Pull out of the data below the stretch of lines bounded by the one containing "Aruna Resort & Villas - Photo 41" and the one containing "Датчик положения распредвала Hyundai Azera", both bounds included, unchanged.
Start of Material supplied
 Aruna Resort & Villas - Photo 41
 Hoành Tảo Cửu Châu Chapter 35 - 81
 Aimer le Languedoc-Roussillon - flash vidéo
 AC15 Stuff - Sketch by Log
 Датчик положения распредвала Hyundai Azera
End of Material supplied
Start of Material supplied
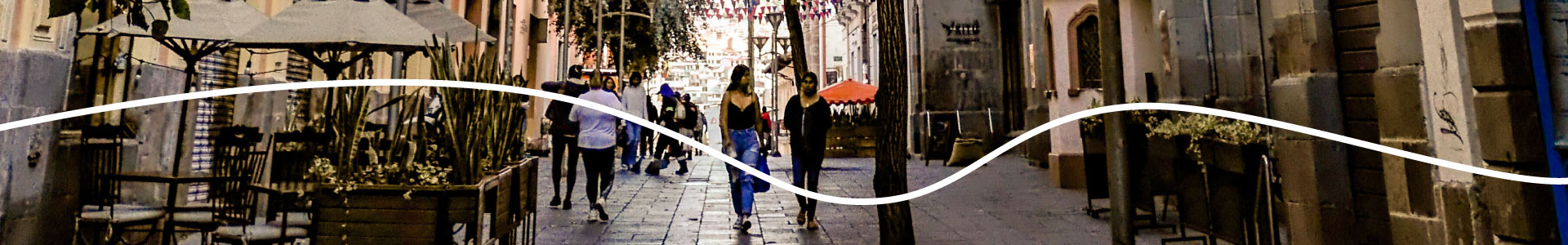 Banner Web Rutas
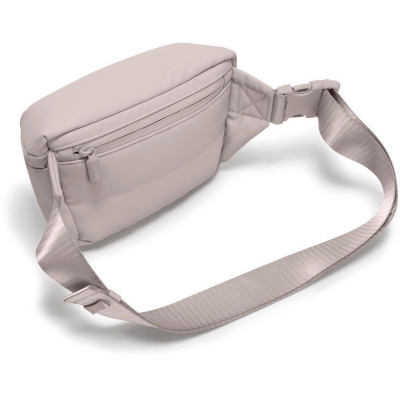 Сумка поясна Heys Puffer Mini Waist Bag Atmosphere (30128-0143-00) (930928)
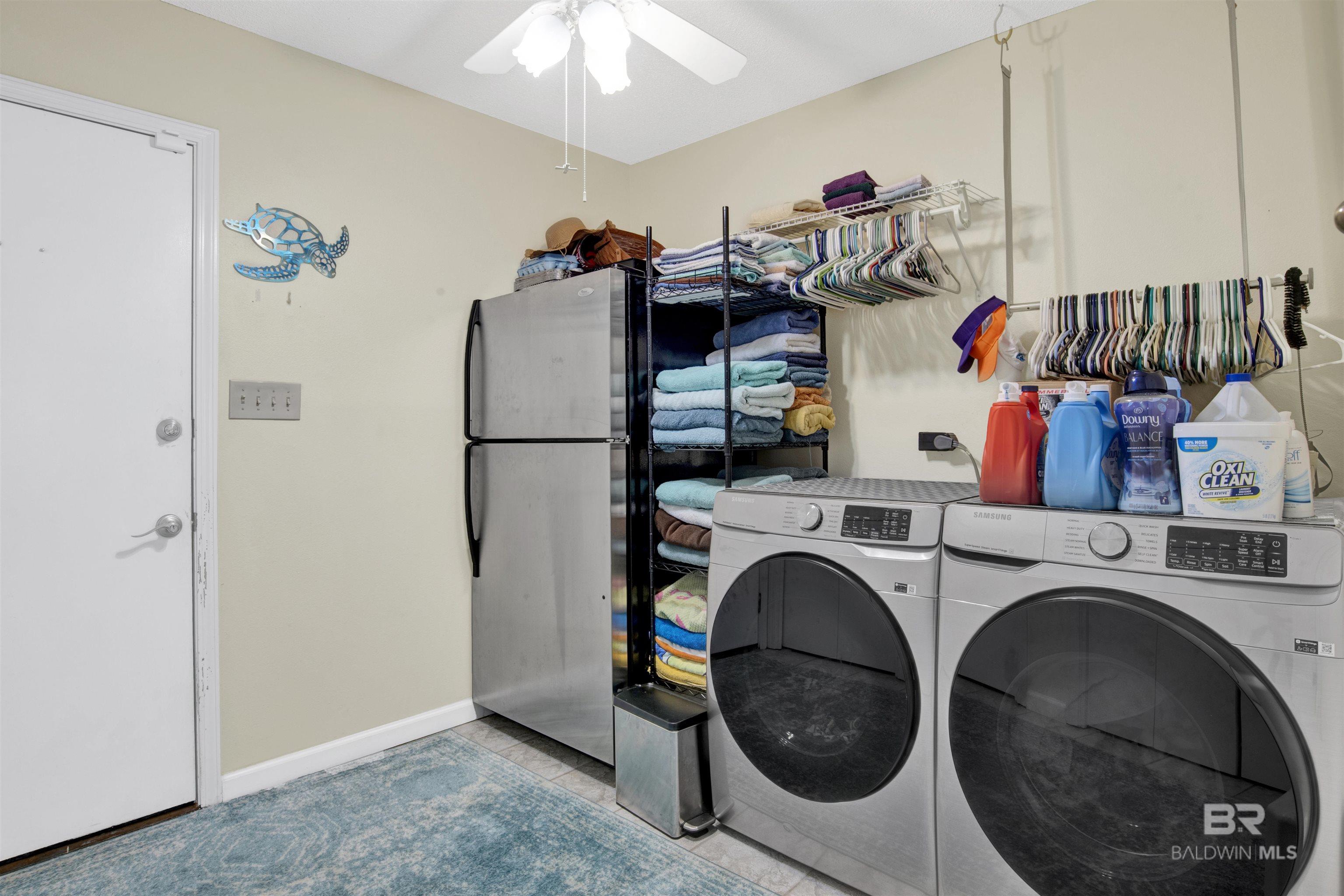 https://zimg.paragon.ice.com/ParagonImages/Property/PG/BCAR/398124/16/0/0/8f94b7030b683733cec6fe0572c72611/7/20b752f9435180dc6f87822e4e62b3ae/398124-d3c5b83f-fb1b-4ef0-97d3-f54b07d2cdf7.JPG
End of Material supplied
● Solution for this problem
 Aruna Resort & Villas - Photo 41
 Hoành Tảo Cửu Châu Chapter 35 - 81
 Aimer le Languedoc-Roussillon - flash vidéo
 AC15 Stuff - Sketch by Log
 Датчик положения распредвала Hyundai Azera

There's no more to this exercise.